Le premier consiste à élaborer une réglementation adéquate. Durant l'été 2013, la France a renforcé sa réglementation relative aux baladeurs pour la rendre compatible avec les normes européennes publiées en 2012. Elle actualise la réglementation sur les lieux musicaux, vieille de plus de dix ans, afin de mieux prendre en compte l'exposition du public, notamment aux basses fréquences. Un projet d'arrêté commun aux ministères de la santé et de l'éducation, concernant les bilans de santé à l'école, prévoit la possibilité d'un dépistage auditif lors des visites effectuées à six et douze ans. Le protocole et les modalités de transmission restent à définir.

Le deuxième axe tend à impliquer les agences régionales de santé (ARS) pour contrôler l'application de la réglementation et la délivrance d'avis sanitaires relatifs au bruit. L'inspection et le contrôle des lieux musicaux figuraient en 2013 parmi les priorités nationales d'inspection. Un système d'information permettant de gérer ces contrôles est en cours de déploiement. Les avis sanitaires relatifs aux projets d'aménagement et aux documents d'urbanisme ou d'autorisation d'activités bruyantes ont progressé, grâce au rapport de l'Agence nationale de sécurité sanitaire (ANSES) sur l'évaluation des impacts sanitaires extra-auditifs du bruit environnemental.
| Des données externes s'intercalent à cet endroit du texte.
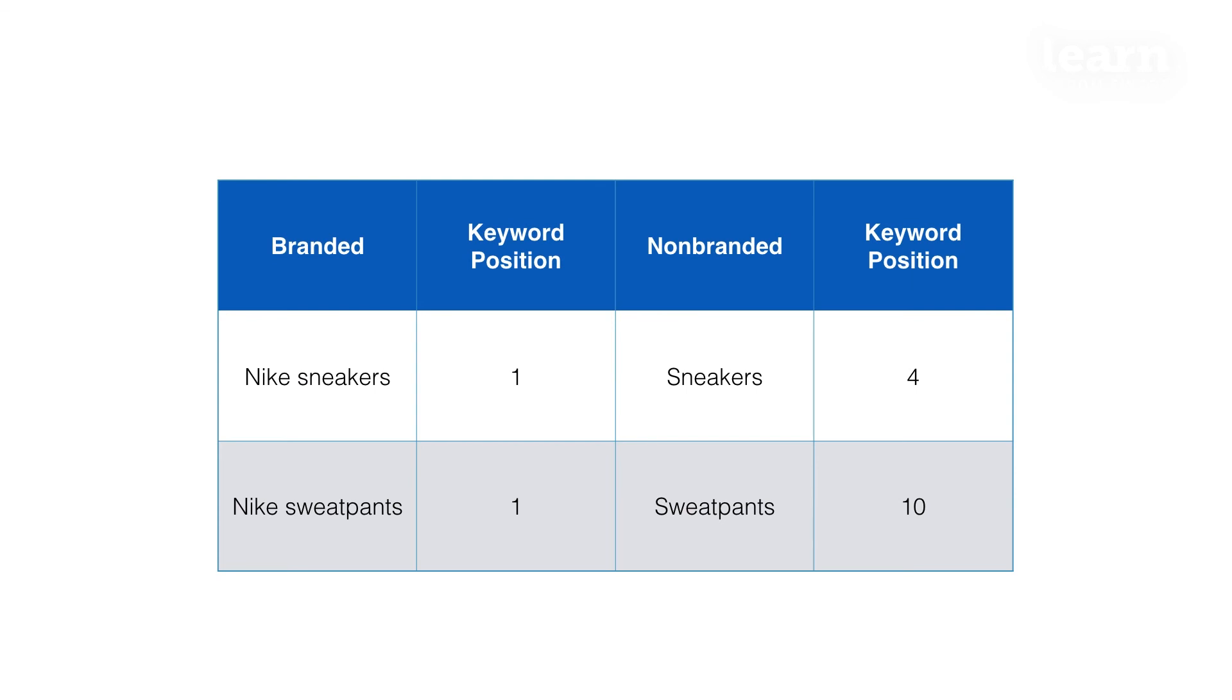What that means is they have the brand name in them. So for example, Nike sneakers or Nike sweatpants, those are branded terms versus non-branded terms. Non-branded terms are these bigger, broader terms like sneakers or sweatpants, and those are really what provide opportunity for the client to rank and really own the search results in the category that they're competing in from an SEO perspective.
La sensibilisation du public et des professionnels, en vue de modifier les comportements bruyants et à risques, représente un troisième axe. La prévention des risques nécessite la mise en oeuvre, aux niveaux local et national, d'actions de prévention – notamment auprès des jeunes. L'Institut national de prévention et d'éducation à la santé (INPES) mène régulièrement des campagnes de prévention en direction des jeunes et les ARS soutiennent de nombreuses actions de sensibilisation, notamment dans les établissements scolaires ou à l'occasion de festivals. En complément, la direction générale de la santé soutient des associations têtes de réseau pour la diffusion de supports de communication, pour la formation d'acteurs relais et pour la sensibilisation des professionnels du spectacle ou du grand public. Elle intervient notamment auprès d'AGI-SON, du CIDB ou de la Semaine du son.

Le quatrième axe concerne la conduite d'études et de recherches. Au-delà de l'étude DEBATS déjà citée, je veux mentionner la pérennisation sur Paris du système de surveillance des traumatismes sonores aigus, ainsi que la saisine de l'ANSES sur l'impact sanitaire des basses fréquences sonores et des infrasons dus au parc éolien. Les résultats de cette étude seront connus en 2015.

Je rappellerai pour finir les travaux que nous menons actuellement pour fédérer des actions dans le troisième Plan national santé-environnement (PNSE3).